For those that like to see pictures of what cars people are getting..

After much deliberation and looking at various styles as well as diferent makes of car, SWMBO won and yesterday we bought this.

Discovery 3, 2.7 TDV6 HSE spec.


----------



## jampott (Sep 6, 2003)

Nice. Lisa refuses to let me have one.


----------



## ag (Sep 12, 2002)

I really like these. The only reason I didn't buy one is the guilty feeling you get from moving 2 Tonnes of car around every time my 14 Stone self wants to go anywhere!

Still love 'em though.


----------



## cuTTsy (Jan 31, 2003)

Great stuff

The TG bit when they took one up the mountain was great...


----------



## clived (May 6, 2002)

jampott said:


> Nice.
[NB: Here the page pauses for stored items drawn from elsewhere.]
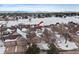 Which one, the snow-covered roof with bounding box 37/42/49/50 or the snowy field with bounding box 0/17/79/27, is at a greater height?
the snowy field with bounding box 0/17/79/27

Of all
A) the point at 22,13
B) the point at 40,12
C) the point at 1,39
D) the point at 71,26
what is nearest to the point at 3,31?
the point at 1,39

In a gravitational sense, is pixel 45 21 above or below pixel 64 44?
above

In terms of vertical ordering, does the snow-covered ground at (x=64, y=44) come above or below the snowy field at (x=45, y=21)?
below

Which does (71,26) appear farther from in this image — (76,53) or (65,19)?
(76,53)

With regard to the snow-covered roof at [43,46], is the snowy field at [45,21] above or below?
above

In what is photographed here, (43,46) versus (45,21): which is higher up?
(45,21)

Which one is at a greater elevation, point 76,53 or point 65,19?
Result: point 65,19

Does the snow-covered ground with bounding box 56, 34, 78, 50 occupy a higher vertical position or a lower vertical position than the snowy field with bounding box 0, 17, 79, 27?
lower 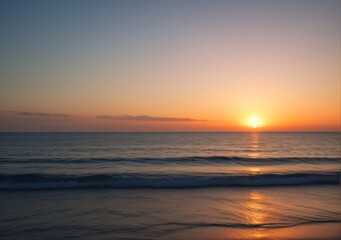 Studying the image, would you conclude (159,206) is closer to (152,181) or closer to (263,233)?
(263,233)

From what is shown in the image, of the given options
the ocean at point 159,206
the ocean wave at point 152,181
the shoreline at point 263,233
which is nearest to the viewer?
the shoreline at point 263,233

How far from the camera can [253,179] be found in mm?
18156

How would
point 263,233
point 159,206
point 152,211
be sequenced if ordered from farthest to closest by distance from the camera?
point 159,206 → point 152,211 → point 263,233

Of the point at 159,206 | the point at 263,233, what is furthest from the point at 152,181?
the point at 263,233

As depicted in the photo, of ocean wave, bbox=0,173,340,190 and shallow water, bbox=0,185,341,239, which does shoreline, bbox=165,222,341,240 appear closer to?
shallow water, bbox=0,185,341,239

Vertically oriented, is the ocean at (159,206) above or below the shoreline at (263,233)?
below

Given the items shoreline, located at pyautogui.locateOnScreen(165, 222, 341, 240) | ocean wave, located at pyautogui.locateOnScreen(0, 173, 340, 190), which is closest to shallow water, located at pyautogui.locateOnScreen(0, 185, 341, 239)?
shoreline, located at pyautogui.locateOnScreen(165, 222, 341, 240)

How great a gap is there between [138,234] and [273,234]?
3.80m

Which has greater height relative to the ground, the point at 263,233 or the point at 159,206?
the point at 263,233

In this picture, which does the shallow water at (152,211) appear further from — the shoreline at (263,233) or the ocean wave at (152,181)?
the ocean wave at (152,181)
Lisa refuses to let me have one.


If you find a way round this. I am denied ownership of any sort of Land Rover


----------



## markh (May 6, 2002)

It is 'fun' to drive, like driving a tank. And with the trip computer currently claiming 25mpg cant be bad.

Oh and lots of toys too.....

I wonder if it'll ever get off-road..............if I am honest, I doubt it.


----------



## steveh (Jan 14, 2004)

I was quite interested in one of these but the wife doesn't like the shape (too boxy) which is one of the reasons we've got a Touareg.
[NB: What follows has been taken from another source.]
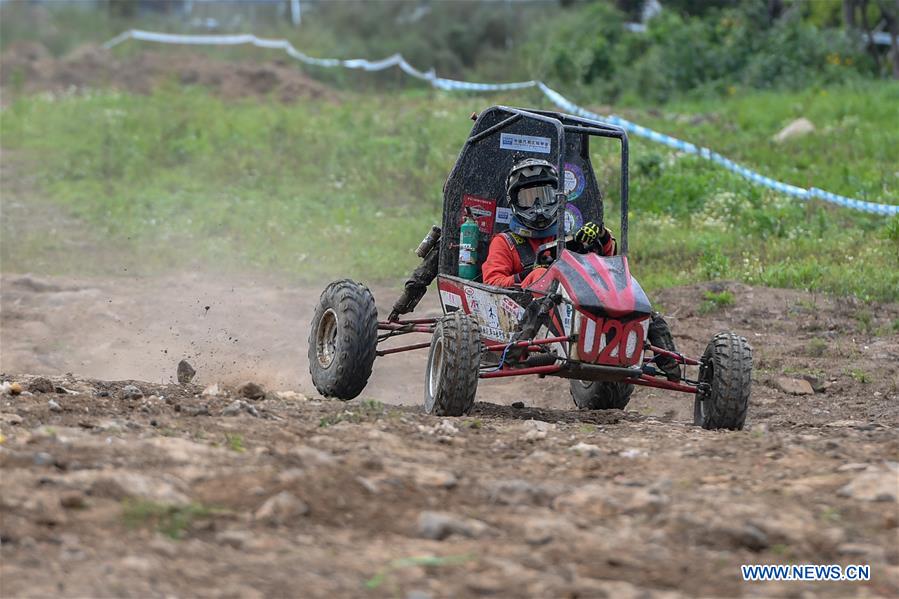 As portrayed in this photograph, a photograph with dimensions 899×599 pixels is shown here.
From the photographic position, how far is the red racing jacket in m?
8.95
Mind you, we're going on a Land Rover experience in a couple of weeks which might change her mind . It's only a half day but it is entirely free and should be good fun. All I did was send an email from the Land Rover website requesting a Discovery brochure and a couple of month's later they sent me an invite. Worth a try if you fancy a bit of free off-roading.


----------



## jam225 (Jun 24, 2003)

Nearly bought a Disco 3 as well but Mrs Jam thought it looked too big :?
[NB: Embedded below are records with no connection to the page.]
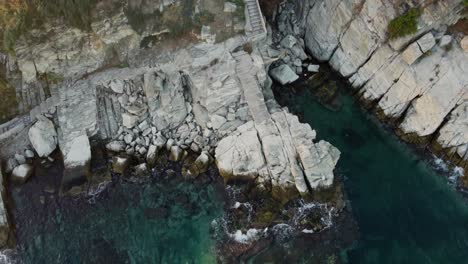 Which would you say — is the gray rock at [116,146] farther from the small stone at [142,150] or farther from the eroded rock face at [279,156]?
the eroded rock face at [279,156]

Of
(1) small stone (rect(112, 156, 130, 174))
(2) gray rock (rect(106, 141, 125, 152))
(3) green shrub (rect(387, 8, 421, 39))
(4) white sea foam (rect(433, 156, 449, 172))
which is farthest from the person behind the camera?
(2) gray rock (rect(106, 141, 125, 152))

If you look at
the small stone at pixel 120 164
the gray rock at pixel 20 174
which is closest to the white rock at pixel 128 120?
the small stone at pixel 120 164

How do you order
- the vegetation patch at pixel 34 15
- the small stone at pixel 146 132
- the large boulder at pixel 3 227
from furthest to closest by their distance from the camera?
the small stone at pixel 146 132 < the large boulder at pixel 3 227 < the vegetation patch at pixel 34 15

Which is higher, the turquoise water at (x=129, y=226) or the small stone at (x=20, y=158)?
the small stone at (x=20, y=158)

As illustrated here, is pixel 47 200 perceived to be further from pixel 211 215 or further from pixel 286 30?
pixel 286 30

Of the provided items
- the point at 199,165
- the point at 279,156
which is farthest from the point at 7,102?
the point at 279,156

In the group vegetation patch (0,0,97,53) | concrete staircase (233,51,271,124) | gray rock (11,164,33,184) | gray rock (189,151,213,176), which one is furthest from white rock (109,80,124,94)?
concrete staircase (233,51,271,124)

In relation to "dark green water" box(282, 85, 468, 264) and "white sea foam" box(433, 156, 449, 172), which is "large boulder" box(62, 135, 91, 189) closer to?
"dark green water" box(282, 85, 468, 264) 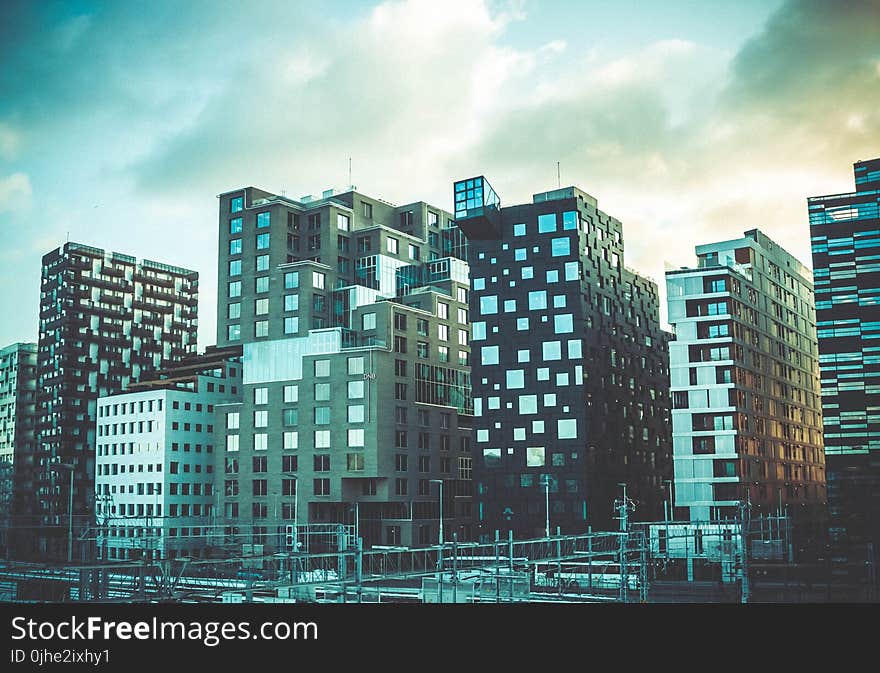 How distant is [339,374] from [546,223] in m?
16.0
So in the end she chose a nice compact XC90 :lol: :lol: :lol:

Women go figure :? :lol:


----------



## garyc (May 7, 2002)

Subtle.


----------



## DXN (May 18, 2002)

nice to see one off road 
:wink:


----------



## mighTy Tee (Jul 10, 2002)

markh said:


> I wonder if it'll ever get off-road..............if I am honest, I doubt it.


Keep your eye open on the All Wet & Dirty Club (AWDC - All Wheel Drive Club) for open events in sand pits. We used to take Discos to the Bordon tank ranges where the terrain in sandy and drive in the knowledge that you could do just the very safe bits or when you get more adventurous enjoy the real capabilities of a true 4x4 in the knowledge that the terrain was not going to damage the car.


----------



## John C (Jul 5, 2002)

DXN said:


> nice to see one off road
> :wink:


 :lol:


----------



## markh (May 6, 2002)

I know, I changed all the suspension settings to get it there !


----------



## thejepster (Mar 29, 2005)

Great car, great choice! [smiley=thumbsup.gif]

They're very refined in HSE spec, and you are right about the toys! Have you got the adaptive headlights option?

If you do get the chance, go on a Landrover off road day - it will really open your eyes up to what they are really capable of!!


----------



## Kell (May 28, 2002)

clived said:


> jampott said:
> 
> 
> > Nice. Lisa refuses to let me have one.
> ...


Why won't Lisa let you have a Landie Clive?


----------